##### Supplied information
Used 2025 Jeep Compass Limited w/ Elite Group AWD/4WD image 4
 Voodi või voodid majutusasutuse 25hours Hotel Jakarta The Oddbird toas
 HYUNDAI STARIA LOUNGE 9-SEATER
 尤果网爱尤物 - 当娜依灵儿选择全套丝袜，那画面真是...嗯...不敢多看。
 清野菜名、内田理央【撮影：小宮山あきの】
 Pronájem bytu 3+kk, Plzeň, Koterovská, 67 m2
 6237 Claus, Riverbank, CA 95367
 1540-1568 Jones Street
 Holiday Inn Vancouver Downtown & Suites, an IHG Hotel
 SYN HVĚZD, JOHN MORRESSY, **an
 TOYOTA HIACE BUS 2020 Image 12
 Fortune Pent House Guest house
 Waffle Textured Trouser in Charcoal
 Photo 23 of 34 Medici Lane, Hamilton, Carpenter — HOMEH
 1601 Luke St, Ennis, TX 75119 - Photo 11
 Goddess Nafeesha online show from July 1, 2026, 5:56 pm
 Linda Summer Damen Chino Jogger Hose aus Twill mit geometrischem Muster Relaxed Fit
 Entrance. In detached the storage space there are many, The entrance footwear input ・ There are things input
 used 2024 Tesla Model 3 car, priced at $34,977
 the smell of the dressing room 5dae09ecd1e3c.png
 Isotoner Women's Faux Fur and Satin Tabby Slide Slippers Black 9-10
##########
Requirement — Using the material above, print word for word the lines from the one holding "Goddess Nafeesha online" through the last line.

Output below —
 Goddess Nafeesha online show from July 1, 2026, 5:56 pm
 Linda Summer Damen Chino Jogger Hose aus Twill mit geometrischem Muster Relaxed Fit
 Entrance. In detached the storage space there are many, The entrance footwear input ・ There are things input
 used 2024 Tesla Model 3 car, priced at $34,977
 the smell of the dressing room 5dae09ecd1e3c.png
 Isotoner Women's Faux Fur and Satin Tabby Slide Slippers Black 9-10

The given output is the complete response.